A key feature of the Atlas V initially was that all Air Force missions would fly using American-built RD-180 engines, while the Russian-built RD-180s could be used on commercial missions. The Air Force was uncomfortable with relying on a foreign engine for what might well be its only space booster. As things turned out, the Air Force chose both the Delta IV and the Atlas V for procurement, with the Delta IV initially securing the lion’s share of launches. As a result, plans for an American made RD-180 were put on hold and remain stalled to this day, with reportedly a billion dollars required to achieve US production. Today the Air Force is indeed flying Russian-made engines, not what was planned at the start of the program.

Then along came SpaceX with a totally new design for a liquid-fueled launch vehicle. Unfortunately, the new company believed the oft-repeated assertion that there was a large unmet demand for small payloads and the launch services associated with them. Thus, the Falcon 1’s Merlin engine was the lowest thrust first stage engine used by a US space booster since the puny propulsion system employed by Vanguard in the 1950’s.
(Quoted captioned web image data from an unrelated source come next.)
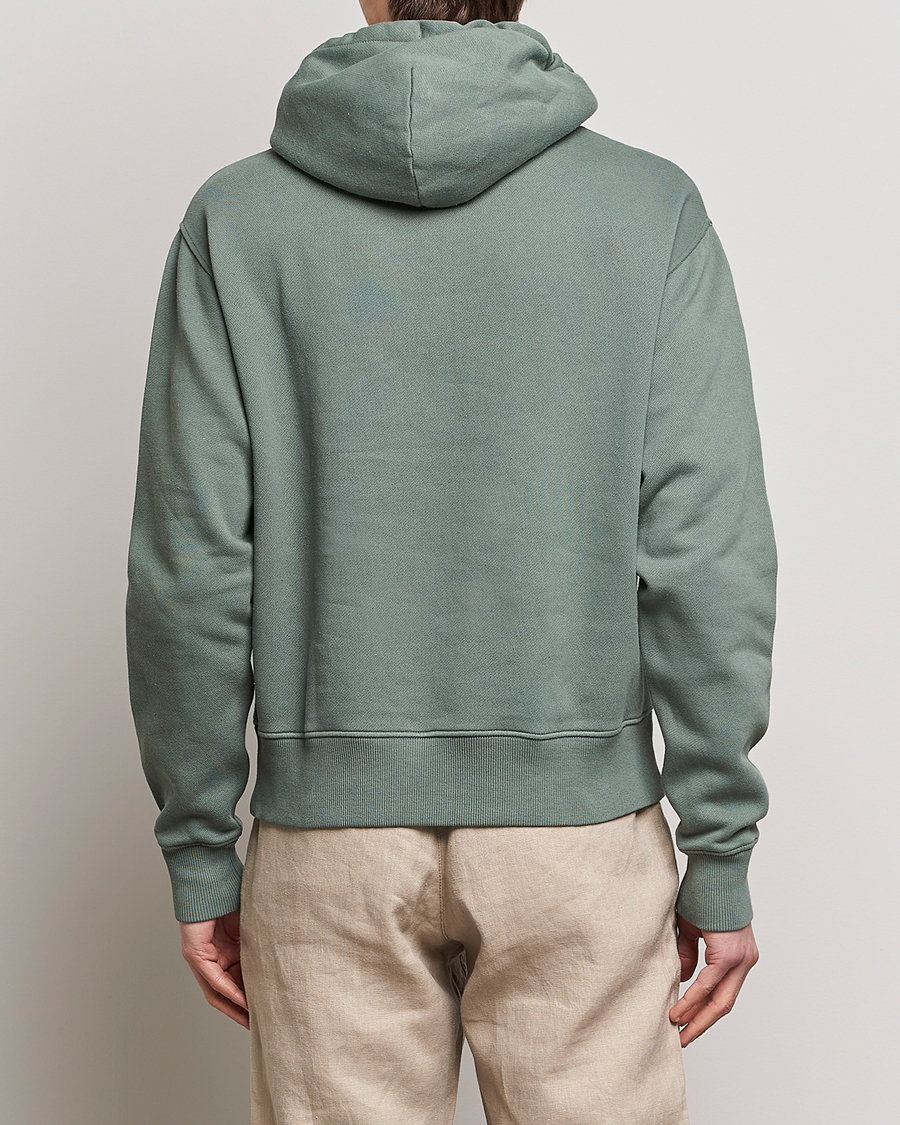 Herre | Gensere | Merz b. Schwanen | Organic Cotton Washed Hoodie Green Stone
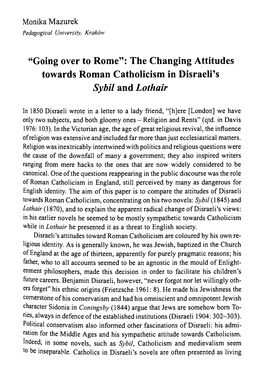 “Going Over to Rome”: the Changing Attitudes Towards Roman Catholicism in Disraeli’S Sybil and Lothair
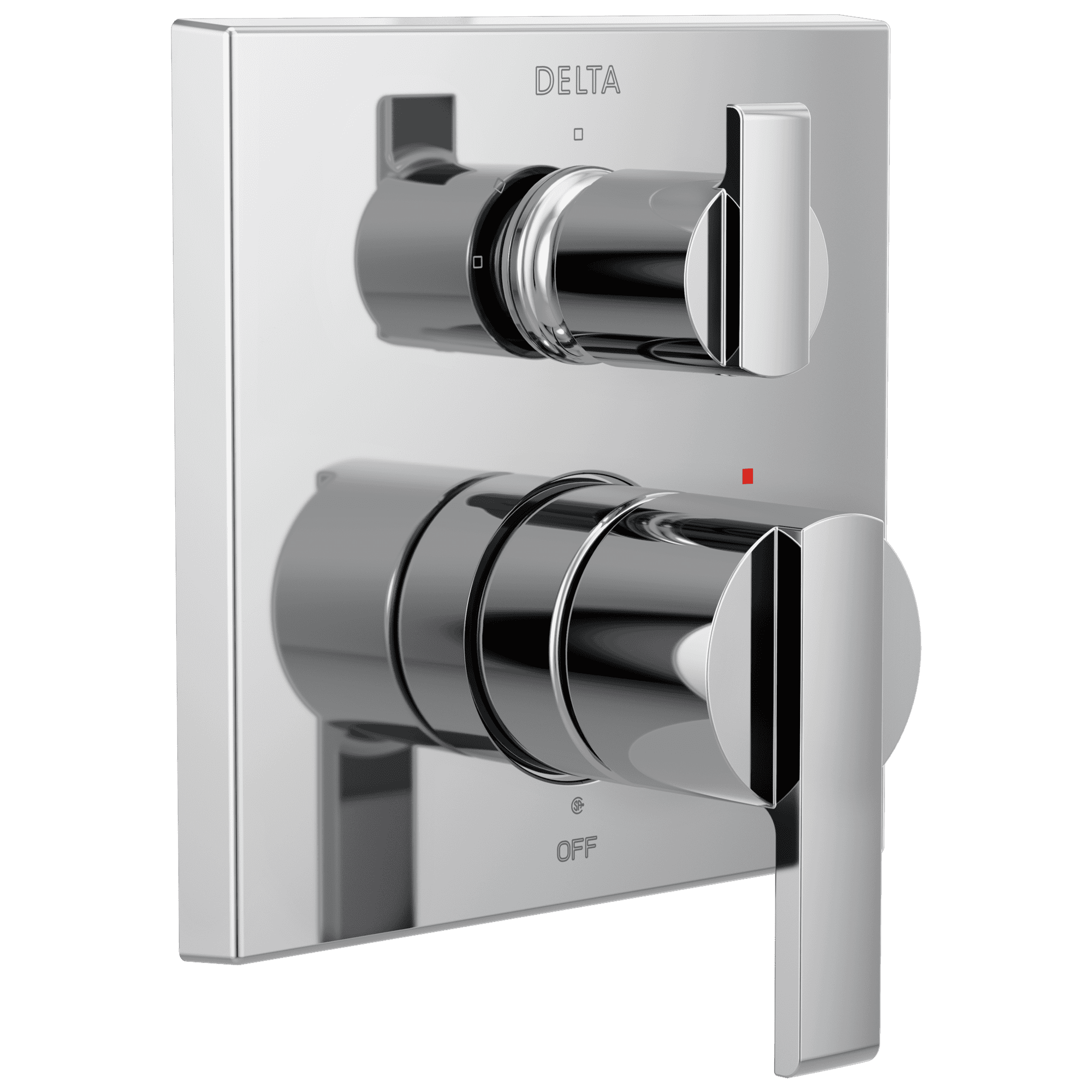 Chrome Modern Wall-Mounted Shower Diverter Trim Kit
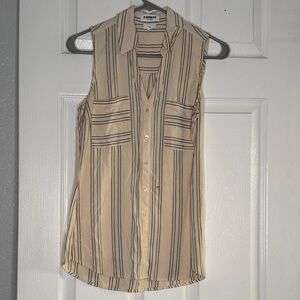 Express Sleeveless Button-Up Striped Blouse - Cream & Black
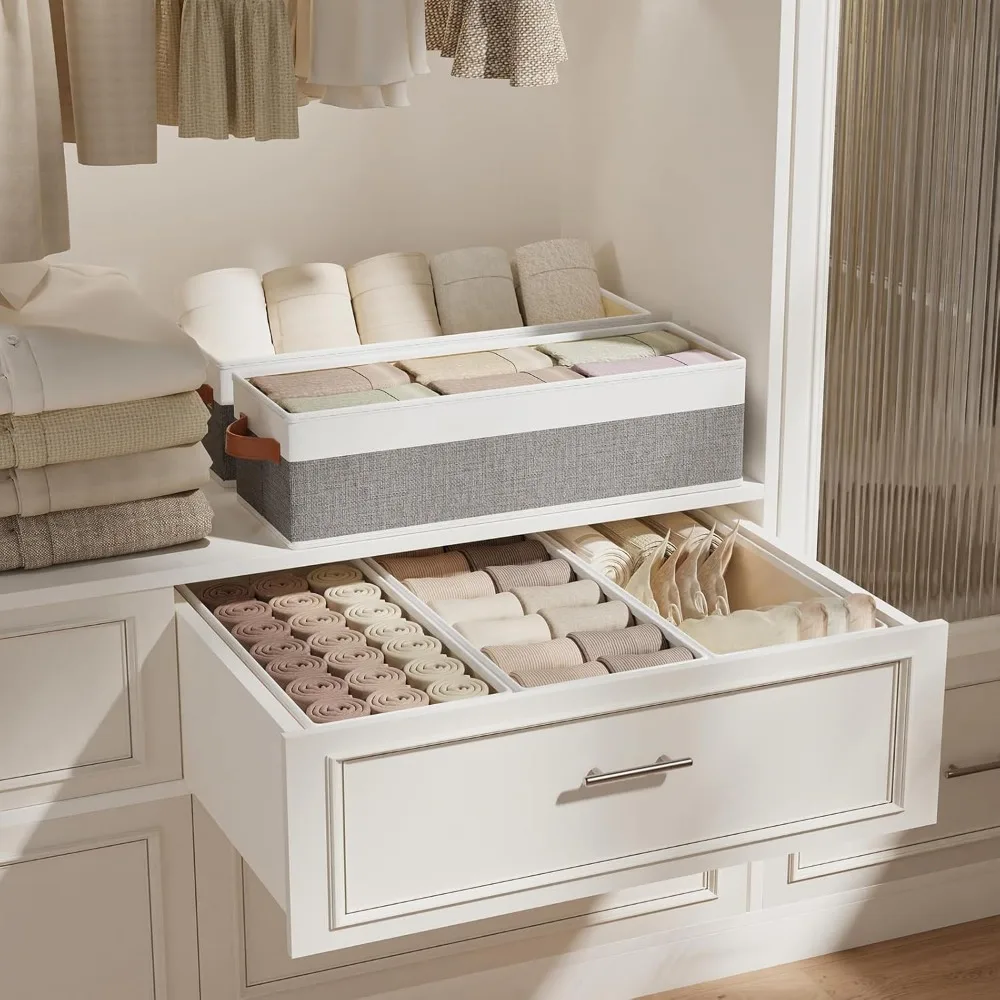 5 عبوات من سلال التخزين القابلة للطي، مكعبات تنظيم الأقمشة مع مقابض لمناشف الملابس، أبيض رمادي 15 × 6 × 5 بوصة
When the truth came out that the real market was for medium and heavy launch vehicles, the Falcon 1 was abandoned and the Falcon 9 first stage needed a remarkable 9 engines to meet the mission requirements The Falcon Heavy first stage will need an incredible 27 engines. The Merlin engine used by these boosters has been upgraded to over twice its original thrust level, but at 150,000 pounds-thrust (667,000 newtons) at sea level, it still is only producing thrust equivalent to the earliest engines used by the Thor and Atlas boosters some 58 years ago.
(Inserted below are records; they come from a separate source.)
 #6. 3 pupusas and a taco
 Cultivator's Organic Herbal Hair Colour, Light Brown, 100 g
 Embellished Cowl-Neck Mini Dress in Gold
The rocket engine dilemma the US faces today is not the result of a sudden and unpredicted shift in international relations but is due to both government and industry making the wrong choices, repeatedly, over the course of more than 45 years.

Meanwhile, other companies had studied the available rocket engines, and finding the available options very lacking and being unwilling to design a new engine from scratch, adopted a foreign engine, the Russian NK-33. The NK-33 is a leftover from the Soviet N-1 human lunar mission launch vehicle, which had a less than stellar launch history. Kistler Aerospace first proposed to use NK-33 engines in their reusable booster. After Kistler went out of business, Orbital Sciences Corp. chose the NK-33 for their Antares booster. Following the engine failure on the fifth Antares launch, Orbital has chosen an engine based on the Russian RD-170, no doubt quite similar to the Atlas V’s RD-180 and also produced in Russia.

For its “new” heavy-lift exploration space booster, NASA is planning to make do with SSME for the first stage combined with new versions of the J-2 for the upper stage. And thus once again the agency has no need to develop a new engine.

To summarize, currently we don’t have one American-made first-stage liquid rocket engine that is being used in the manner envisioned when it was designed, and very few engines designed to either employ the most modern technology or to be produced at low cost.

The rocket engine dilemma the US faces today is not the result of a sudden and unpredicted shift in international relations but is due to both government and industry making the wrong choices, repeatedly, over the course of more than 45 years. Essentially, the country has rather studiously avoided making the effort required for a new engine development. Those decisions seemed logical, reasonable, politically necessary, cheap, or simply inevitable at the time, but ultimately proved to be seriously flawed. Much of our history in this area is not that of constant stunning achievements but rather one of frequent awe-inspiring mistakes followed by mad scrambles to recover. We are once more in that phase today.